The Labour Party is one of the two major Political Parties running in this year’s General Election in New Zealand. There’s a lot of information about their disability / autism-relevant policies, drip-fed over the past few months. I’m going to begin with a quick summary of the main sources I am using for this post, and then try to bring the information together, with a focus on autism as usual:
- Labour have only recently released their disability policy, which can be found in detail here (pdf), and can be found summarised more generally on their own website here.
- Labour took part in a public meeting about a month back, where Political Parties were invited to share their disability policies. At the time Labour han’t released their policy but still managed to respond to various concerns raised about current disability issues. A summary of that meeting’s discussion can be found here.
- Labour was one of the few Parties to respond to Autism New Zealand’s questions posed a month or two back, about autism specific issues heading into the election. Their responses can be found here (pdf).

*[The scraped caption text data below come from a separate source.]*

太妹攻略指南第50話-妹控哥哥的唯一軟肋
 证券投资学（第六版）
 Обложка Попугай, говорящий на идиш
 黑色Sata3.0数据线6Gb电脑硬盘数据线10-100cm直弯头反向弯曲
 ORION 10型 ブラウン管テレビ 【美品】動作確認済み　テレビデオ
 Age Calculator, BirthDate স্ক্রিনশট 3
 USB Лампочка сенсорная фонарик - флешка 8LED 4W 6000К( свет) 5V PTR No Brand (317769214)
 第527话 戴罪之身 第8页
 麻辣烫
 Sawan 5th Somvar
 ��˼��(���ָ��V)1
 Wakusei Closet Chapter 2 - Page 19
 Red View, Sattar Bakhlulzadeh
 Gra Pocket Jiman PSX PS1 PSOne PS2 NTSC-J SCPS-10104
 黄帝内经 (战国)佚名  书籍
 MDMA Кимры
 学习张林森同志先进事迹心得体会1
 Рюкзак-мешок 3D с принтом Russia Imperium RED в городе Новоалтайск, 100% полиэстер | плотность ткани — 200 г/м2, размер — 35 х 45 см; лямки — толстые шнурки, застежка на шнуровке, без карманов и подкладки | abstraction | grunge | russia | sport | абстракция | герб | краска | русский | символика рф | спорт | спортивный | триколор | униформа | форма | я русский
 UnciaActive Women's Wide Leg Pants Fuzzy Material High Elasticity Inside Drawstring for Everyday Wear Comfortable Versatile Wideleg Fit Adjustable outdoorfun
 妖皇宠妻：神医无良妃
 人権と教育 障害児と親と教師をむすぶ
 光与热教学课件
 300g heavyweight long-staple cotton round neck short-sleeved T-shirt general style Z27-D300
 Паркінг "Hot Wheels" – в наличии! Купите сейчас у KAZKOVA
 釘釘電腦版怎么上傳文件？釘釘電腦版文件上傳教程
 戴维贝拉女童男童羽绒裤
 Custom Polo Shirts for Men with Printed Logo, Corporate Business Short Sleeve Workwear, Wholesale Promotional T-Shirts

The Labour Party has adopted a motto for their view on disability services, that many of us in the autism community are already very familiar with: “nothing about us without us.” This rhetoric overseas has become associated with shutting out or downplaying the voices and concerns of those raising and caring for the disabled, and the interests of the disabled who are not able to advocate for themselves (usually the same group relying on those parents and carers), in preference for the perspectives of those who are less disabled. But the general emotion and intent behind the phrase is admirable, and the choice of phrasing doesn’t seem to indicate the introduction of the same issues seen overseas. Indeed, the Labour Party expressly says it is interested in protecting the health and well-being of family carers, and support the family unit.
In its main disability policy, the Labour Party does expressly mention autism. They are concerned that the current criteria for disability services and support, is written in such a way that often excludes those with autism. This is a well-known problem within the autism community, sometimes with dire consequences for the child and their entire family, so it is good to see the problem directly acknowledged.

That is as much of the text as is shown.